● Required work
Search the records for the string "para". Copy each line where it occurs.

● Excerpted records
____________________

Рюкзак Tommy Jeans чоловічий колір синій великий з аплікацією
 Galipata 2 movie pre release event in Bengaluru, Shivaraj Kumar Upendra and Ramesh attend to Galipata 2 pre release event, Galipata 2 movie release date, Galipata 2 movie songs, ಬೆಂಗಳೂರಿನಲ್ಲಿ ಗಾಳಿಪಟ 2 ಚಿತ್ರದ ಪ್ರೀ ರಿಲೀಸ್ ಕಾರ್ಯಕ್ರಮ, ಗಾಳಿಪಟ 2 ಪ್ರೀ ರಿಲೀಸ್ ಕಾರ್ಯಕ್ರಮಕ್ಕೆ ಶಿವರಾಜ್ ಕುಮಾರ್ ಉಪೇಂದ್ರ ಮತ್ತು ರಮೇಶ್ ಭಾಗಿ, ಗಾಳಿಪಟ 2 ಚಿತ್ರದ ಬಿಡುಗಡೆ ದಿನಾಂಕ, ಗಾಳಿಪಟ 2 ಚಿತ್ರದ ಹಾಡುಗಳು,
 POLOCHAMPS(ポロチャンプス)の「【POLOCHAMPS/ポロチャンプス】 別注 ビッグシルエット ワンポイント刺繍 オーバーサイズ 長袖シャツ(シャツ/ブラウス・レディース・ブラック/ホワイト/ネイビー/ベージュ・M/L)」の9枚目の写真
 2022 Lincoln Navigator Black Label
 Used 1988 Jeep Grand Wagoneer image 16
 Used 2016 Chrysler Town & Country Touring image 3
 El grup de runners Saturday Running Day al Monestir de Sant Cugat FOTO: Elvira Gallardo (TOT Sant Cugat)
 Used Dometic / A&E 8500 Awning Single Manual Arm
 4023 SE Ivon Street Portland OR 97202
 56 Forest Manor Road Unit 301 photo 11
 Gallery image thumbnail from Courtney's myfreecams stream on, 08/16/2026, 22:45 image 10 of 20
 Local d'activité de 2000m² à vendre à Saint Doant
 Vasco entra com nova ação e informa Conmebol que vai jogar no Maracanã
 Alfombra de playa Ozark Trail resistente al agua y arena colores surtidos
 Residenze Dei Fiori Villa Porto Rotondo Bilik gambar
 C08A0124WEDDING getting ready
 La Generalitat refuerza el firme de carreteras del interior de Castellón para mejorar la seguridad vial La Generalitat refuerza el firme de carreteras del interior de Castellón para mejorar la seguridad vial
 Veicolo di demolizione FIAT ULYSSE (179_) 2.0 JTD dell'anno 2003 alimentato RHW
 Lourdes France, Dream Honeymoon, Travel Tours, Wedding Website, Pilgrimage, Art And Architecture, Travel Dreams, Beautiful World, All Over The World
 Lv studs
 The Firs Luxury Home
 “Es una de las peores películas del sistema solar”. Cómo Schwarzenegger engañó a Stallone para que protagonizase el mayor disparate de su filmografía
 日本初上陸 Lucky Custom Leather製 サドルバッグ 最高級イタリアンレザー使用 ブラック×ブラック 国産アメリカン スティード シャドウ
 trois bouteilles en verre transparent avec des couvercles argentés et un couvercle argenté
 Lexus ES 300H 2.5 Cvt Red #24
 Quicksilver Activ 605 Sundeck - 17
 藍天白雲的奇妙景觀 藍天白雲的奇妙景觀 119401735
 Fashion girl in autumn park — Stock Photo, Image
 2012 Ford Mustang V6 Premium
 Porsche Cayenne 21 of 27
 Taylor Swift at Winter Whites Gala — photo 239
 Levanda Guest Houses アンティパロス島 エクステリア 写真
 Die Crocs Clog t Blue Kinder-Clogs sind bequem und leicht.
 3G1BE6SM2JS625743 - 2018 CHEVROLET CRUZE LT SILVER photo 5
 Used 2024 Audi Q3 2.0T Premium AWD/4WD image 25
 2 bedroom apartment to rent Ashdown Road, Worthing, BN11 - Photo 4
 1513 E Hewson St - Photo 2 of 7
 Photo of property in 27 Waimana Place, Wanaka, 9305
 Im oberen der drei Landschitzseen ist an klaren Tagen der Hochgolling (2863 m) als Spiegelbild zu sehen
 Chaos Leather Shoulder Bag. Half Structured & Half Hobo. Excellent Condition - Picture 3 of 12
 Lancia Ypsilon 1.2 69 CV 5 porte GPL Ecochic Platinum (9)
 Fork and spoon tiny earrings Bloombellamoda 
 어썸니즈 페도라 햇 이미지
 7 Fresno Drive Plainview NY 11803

____________________

● Result of this exercise
 La Generalitat refuerza el firme de carreteras del interior de Castellón para mejorar la seguridad vial La Generalitat refuerza el firme de carreteras del interior de Castellón para mejorar la seguridad vial
 “Es una de las peores películas del sistema solar”. Cómo Schwarzenegger engañó a Stallone para que protagonizase el mayor disparate de su filmografía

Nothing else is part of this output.